Anzac Day is a pivotal day for many grain growers' cropping programs.

Yarrawonga farmer and chair of Riverine Plains farmers group Adam Inchbold said Anzac Day was a traditional time for the break.

"A break at Anzac Day would be ideal, then we can sow our main season varieties," Mr Inchbold said.

"I've been a bit surprised with people saying how dry it is and the Anzac Day hasn't passed . . . if it has not rained before Anzac Day, then that's normal."

Mr Inchbold said he would still consider a break on May 5 as being average and a good season.

"If you look at the best years, 1915 and 1983, then we did not get rain until May 15," he said.

"Anzac Day is the average break, but I would say the average break can be up to 10 days later."

Andrew Russell, near Rutherglen, said Anzac Day was a "real pivotal point."

"It's a day, or time of the year that people use as a benchmark," he said.

Evan Ryan at Yarrawonga said Anzac Day and the local show were both milestones for the cropping season.

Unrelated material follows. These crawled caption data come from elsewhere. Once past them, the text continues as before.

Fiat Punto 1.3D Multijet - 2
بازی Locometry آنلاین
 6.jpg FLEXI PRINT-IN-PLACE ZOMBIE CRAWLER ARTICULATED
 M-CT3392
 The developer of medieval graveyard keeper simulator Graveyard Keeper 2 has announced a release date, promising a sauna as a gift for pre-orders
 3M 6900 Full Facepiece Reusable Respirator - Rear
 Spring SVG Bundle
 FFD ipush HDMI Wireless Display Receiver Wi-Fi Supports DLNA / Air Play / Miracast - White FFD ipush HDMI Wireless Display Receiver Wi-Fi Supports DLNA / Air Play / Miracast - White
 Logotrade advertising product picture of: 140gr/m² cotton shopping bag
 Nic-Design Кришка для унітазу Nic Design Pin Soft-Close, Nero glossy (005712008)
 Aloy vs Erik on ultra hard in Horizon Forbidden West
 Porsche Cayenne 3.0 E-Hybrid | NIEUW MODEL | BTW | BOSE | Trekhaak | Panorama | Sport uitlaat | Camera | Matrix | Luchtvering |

"If it hasn't rained by showtime in October then everyone knows it," Mr Ryan said.

"There are longer days, warmer temperatures and we're trying to fill grain.

"The potential is there if we get some rain."

Victorian Farmers Federation grains group president Russell Amery said rain would bring the sowing of canola, vetch and oats near his Wycheproof farm.

But he said many people would be sowing by today even if there hadn't been any rain.

"When I started here in the mid-1980s, if I had started on the tractor before mid-May, then Dad would shoot me," he said. "The longer season varieties help to spread the risk."